* [Web page caption snippets]:

**********

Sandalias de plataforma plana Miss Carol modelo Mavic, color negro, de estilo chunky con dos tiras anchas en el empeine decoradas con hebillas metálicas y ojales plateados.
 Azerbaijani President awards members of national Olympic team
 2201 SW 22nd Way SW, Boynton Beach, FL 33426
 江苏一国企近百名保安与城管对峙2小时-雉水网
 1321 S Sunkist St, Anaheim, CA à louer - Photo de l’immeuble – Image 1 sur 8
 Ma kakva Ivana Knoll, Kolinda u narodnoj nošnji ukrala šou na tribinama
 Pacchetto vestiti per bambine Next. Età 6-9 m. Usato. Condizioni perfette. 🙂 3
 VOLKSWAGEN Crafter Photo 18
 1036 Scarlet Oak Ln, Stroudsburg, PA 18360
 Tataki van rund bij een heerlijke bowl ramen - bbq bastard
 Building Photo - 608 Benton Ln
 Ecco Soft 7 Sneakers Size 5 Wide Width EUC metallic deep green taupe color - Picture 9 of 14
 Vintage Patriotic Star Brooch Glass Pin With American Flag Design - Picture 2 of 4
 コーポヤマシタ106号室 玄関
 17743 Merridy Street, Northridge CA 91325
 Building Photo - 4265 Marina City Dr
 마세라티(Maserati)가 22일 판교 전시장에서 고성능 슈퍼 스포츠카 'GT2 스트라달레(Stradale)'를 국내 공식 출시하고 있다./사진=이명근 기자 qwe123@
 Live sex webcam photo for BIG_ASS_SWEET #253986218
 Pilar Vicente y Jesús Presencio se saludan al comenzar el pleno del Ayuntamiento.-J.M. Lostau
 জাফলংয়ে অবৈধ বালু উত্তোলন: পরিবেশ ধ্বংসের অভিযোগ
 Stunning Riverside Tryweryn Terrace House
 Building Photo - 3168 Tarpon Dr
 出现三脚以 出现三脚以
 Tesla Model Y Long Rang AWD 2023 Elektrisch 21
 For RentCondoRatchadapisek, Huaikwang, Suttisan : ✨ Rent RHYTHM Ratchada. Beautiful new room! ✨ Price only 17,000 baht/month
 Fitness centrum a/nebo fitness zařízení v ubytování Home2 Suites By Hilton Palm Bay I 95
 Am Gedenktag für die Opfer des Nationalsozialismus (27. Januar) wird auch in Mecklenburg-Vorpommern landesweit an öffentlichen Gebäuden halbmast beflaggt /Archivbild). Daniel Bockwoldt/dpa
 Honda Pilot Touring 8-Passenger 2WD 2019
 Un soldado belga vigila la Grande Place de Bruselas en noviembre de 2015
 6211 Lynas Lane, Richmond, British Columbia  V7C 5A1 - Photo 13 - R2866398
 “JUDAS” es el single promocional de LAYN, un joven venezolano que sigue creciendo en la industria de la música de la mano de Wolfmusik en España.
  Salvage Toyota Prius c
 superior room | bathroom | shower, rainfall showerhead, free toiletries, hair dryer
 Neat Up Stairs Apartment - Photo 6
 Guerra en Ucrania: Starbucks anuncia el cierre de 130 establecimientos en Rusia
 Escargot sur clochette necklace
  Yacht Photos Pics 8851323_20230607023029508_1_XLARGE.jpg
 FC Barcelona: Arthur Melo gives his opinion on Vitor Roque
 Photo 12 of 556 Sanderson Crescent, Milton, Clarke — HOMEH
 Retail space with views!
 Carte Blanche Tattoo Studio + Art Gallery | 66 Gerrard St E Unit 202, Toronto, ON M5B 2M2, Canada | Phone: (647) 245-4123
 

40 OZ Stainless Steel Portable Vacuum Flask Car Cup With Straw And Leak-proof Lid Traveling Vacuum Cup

**********

* [What the exercise asks]:
Above are the entries. Output exactly the lines beginning with the line that has "1321 S Sunkist" and ending with the line that has "Salvage Toyota Prius c".

* [Answer for this exercise]:
 1321 S Sunkist St, Anaheim, CA à louer - Photo de l’immeuble – Image 1 sur 8
 Ma kakva Ivana Knoll, Kolinda u narodnoj nošnji ukrala šou na tribinama
 Pacchetto vestiti per bambine Next. Età 6-9 m. Usato. Condizioni perfette. 🙂 3
 VOLKSWAGEN Crafter Photo 18
 1036 Scarlet Oak Ln, Stroudsburg, PA 18360
 Tataki van rund bij een heerlijke bowl ramen - bbq bastard
 Building Photo - 608 Benton Ln
 Ecco Soft 7 Sneakers Size 5 Wide Width EUC metallic deep green taupe color - Picture 9 of 14
 Vintage Patriotic Star Brooch Glass Pin With American Flag Design - Picture 2 of 4
 コーポヤマシタ106号室 玄関
 17743 Merridy Street, Northridge CA 91325
 Building Photo - 4265 Marina City Dr
 마세라티(Maserati)가 22일 판교 전시장에서 고성능 슈퍼 스포츠카 'GT2 스트라달레(Stradale)'를 국내 공식 출시하고 있다./사진=이명근 기자 qwe123@
 Live sex webcam photo for BIG_ASS_SWEET #253986218
 Pilar Vicente y Jesús Presencio se saludan al comenzar el pleno del Ayuntamiento.-J.M. Lostau
 জাফলংয়ে অবৈধ বালু উত্তোলন: পরিবেশ ধ্বংসের অভিযোগ
 Stunning Riverside Tryweryn Terrace House
 Building Photo - 3168 Tarpon Dr
 出现三脚以 出现三脚以
 Tesla Model Y Long Rang AWD 2023 Elektrisch 21
 For RentCondoRatchadapisek, Huaikwang, Suttisan : ✨ Rent RHYTHM Ratchada. Beautiful new room! ✨ Price only 17,000 baht/month
 Fitness centrum a/nebo fitness zařízení v ubytování Home2 Suites By Hilton Palm Bay I 95
 Am Gedenktag für die Opfer des Nationalsozialismus (27. Januar) wird auch in Mecklenburg-Vorpommern landesweit an öffentlichen Gebäuden halbmast beflaggt /Archivbild). Daniel Bockwoldt/dpa
 Honda Pilot Touring 8-Passenger 2WD 2019
 Un soldado belga vigila la Grande Place de Bruselas en noviembre de 2015
 6211 Lynas Lane, Richmond, British Columbia  V7C 5A1 - Photo 13 - R2866398
 “JUDAS” es el single promocional de LAYN, un joven venezolano que sigue creciendo en la industria de la música de la mano de Wolfmusik en España.
  Salvage Toyota Prius c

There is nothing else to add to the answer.